Material to process: Begin
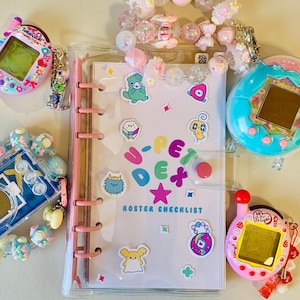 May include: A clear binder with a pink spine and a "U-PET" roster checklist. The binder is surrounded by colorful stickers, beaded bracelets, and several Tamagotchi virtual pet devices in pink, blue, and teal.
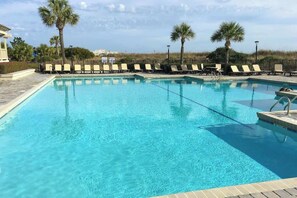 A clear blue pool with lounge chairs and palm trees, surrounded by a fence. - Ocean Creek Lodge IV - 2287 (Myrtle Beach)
Material to process: End
Material to process: Begin
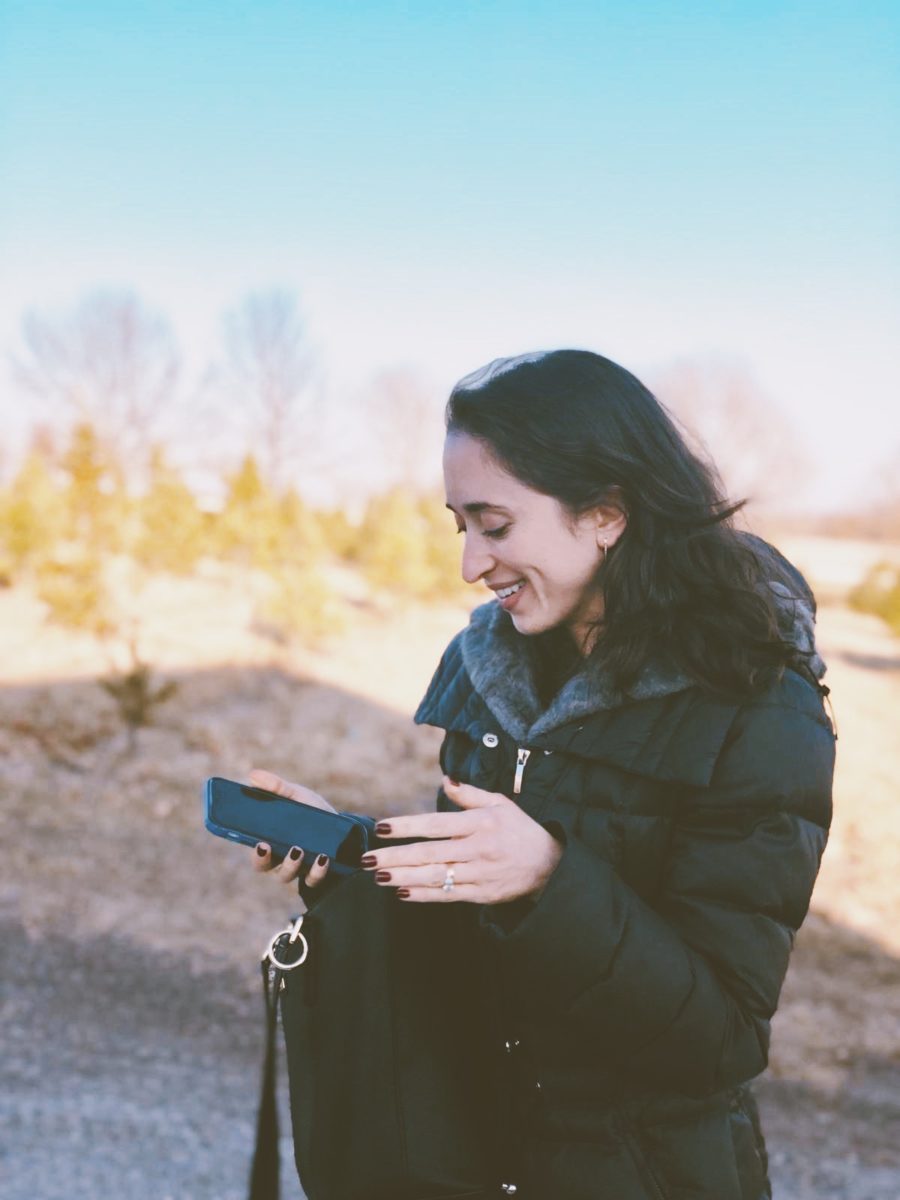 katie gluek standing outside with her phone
Material to process: End
Material to process: Begin
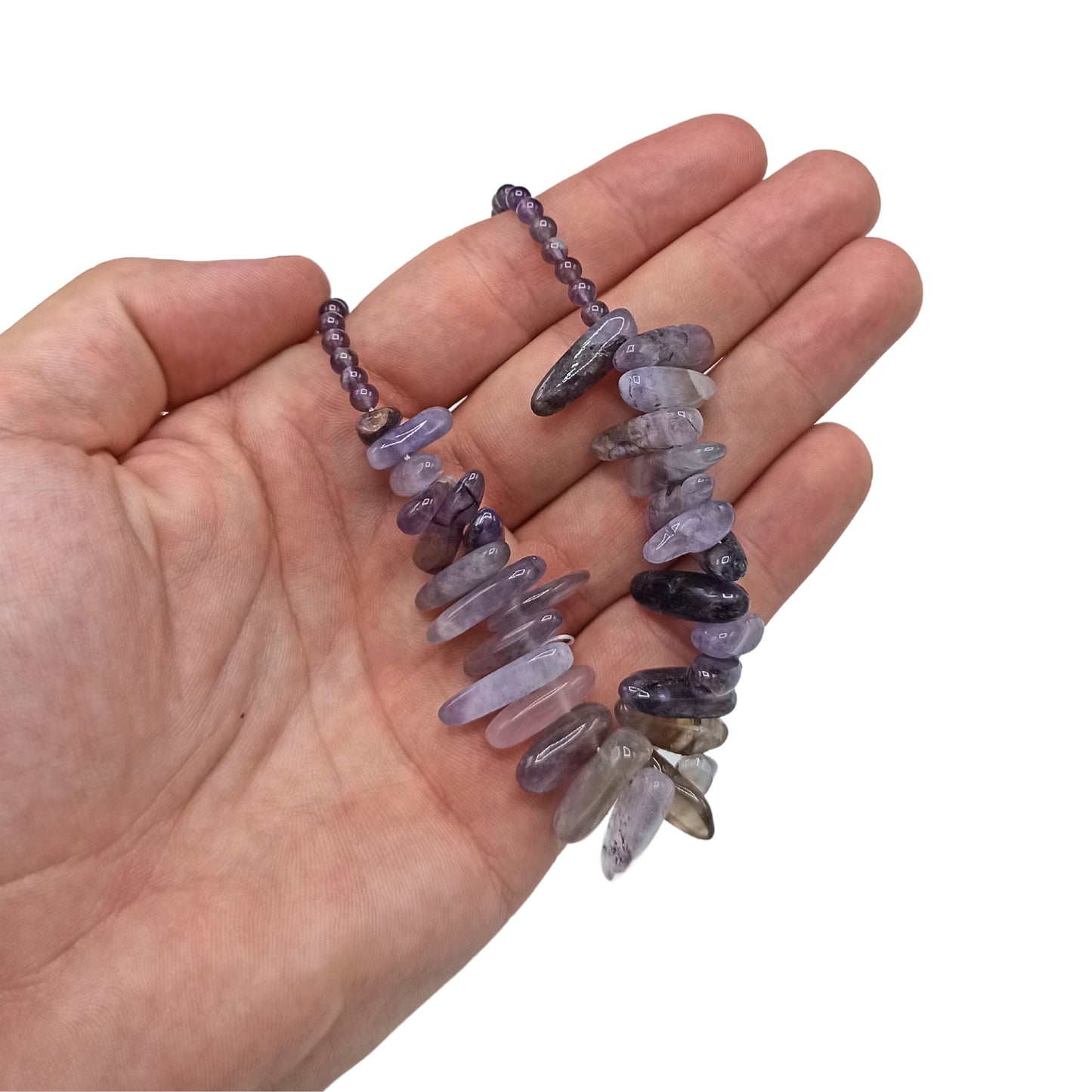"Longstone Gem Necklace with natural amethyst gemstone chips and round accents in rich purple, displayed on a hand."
Material to process: End
In the entries above, which lines run from the one with "May include: A" up to and including the one with "A clear blue"? Write them out exactly, without the pictures.

» Answer:
 May include: A clear binder with a pink spine and a "U-PET" roster checklist. The binder is surrounded by colorful stickers, beaded bracelets, and several Tamagotchi virtual pet devices in pink, blue, and teal.
 A clear blue pool with lounge chairs and palm trees, surrounded by a fence. - Ocean Creek Lodge IV - 2287 (Myrtle Beach)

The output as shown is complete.